Informations sommaires sur le
trouble
de stress post-traumatique

Historique du Trouble de Stress
Post-Traumatique
Le trouble de stress post-traumatique (TSPT) est la dénomination récente
d'un ensemble de symptômes observés et étudiés depuis le début du siècle sous
différents vocables. En effet, Oppenheim, en 1889, crée le terme
"névrose traumatique" afin de désigner la symptomatologie démontrée
par des accidentés de chemin de fer. À la même époque, Charcot remarque
des symptômes similaires chez ses patientes de la Salpetrière et se consacre,
ainsi que Freud et Janet, à l'étude de cette "névrose hystérique".
L'étude de l'hystérie et de sa genèse par Freud et Charcot avait entamée le
questionnement sur le rôle des traumatismes dans la genèse des troubles
mentaux. Par la suite, c'est surtout par le biais des études de
psychiatrie militaire lors des première et deuxième guerres mondiales, que
l'étude des névroses traumatiques s'est maintenue. C'est ensuite par le
biais des études de psychiatrie militaire concernant le "choc des
tranchées" ("shell shock"), la "névrose de guerre" et
la "traumatophobie" lors des première et deuxième guerres mondiales,
que l'étude des névroses traumatiques s'est poursuivie.

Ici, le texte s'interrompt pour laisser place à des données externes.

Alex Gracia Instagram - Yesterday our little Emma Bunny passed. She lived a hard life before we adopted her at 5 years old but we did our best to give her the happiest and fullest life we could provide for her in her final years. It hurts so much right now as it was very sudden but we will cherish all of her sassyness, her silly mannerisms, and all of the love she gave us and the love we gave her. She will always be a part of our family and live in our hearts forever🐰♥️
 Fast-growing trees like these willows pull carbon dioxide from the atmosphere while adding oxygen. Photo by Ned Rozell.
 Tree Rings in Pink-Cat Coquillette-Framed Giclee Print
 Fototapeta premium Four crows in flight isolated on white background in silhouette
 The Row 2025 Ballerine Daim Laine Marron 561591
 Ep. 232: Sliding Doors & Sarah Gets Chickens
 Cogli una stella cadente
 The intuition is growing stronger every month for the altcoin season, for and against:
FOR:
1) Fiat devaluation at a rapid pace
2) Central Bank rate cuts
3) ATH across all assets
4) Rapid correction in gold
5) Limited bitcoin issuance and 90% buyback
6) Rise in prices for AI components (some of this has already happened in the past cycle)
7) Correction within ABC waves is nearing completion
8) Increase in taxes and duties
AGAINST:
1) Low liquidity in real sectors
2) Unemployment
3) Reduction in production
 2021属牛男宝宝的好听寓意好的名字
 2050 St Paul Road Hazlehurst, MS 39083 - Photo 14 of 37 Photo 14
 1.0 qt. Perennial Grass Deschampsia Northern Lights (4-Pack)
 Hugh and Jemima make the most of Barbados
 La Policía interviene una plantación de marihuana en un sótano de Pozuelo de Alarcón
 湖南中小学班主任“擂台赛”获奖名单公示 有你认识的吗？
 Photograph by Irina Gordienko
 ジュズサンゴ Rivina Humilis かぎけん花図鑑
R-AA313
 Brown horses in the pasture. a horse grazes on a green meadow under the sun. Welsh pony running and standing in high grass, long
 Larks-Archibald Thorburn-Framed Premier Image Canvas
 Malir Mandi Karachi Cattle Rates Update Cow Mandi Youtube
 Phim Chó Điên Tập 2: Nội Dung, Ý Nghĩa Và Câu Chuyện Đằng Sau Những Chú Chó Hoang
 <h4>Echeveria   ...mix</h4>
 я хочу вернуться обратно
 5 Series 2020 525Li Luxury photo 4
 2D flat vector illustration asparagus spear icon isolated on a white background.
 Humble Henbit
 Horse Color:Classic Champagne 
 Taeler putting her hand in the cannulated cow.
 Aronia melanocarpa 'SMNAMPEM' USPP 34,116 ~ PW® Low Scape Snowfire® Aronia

Les séquelles psychologiques graves démontrées dans les années 1970 par les
vétérans de la guerre du Vietnam ont provoqué un regain d'intérêt pour la
pathologie traumatique. En 1974, Burgess et Holmstrom publient un article
sur le "rape trauma syndrome" identifiant les séquelles
psychologiques et somatiques d'un autre traumatisme jusqu'alors peu
évalué: l'agression sexuelle.
L'influence de plusieurs groupes de pression pacifistes et féministes
américains décidés à faire reconnaître l'impact négatif d'expériences traumatisantes,
contribua par la suite à encourager et financer la recherche dans le domaine,
ce qui aboutit à une description précise du TSPT et son intégration nosologique
au sein du DSM en 1980 (Diagnostic and Statistical Manual of Mental
Disorder-3ème édition, American Psychiatric Association) et du CIM en 1992
(Classification Internationale des Maladies-10ème édition; Organisation
Mondiale de la Santé).
Qu'est-ce que le Trouble de Stress
Post-Traumatique?
Critères diagnostiques du TSPT:
Le TSPT découle selon le DSM-IV (American Psychiatric Association, 1994) de
l'exposition à un événement traumatique qui provoque chez l'individu de la
peur, de la détresse ou de l'horreur. Ce trouble se manifeste par une
réexpérience persistante de l'événement traumatique, des comportements
d'évitement des stimuli associés au traumatisme, un émoussement de la
réactivité générale et un état d'hyperactivité neurovégétative.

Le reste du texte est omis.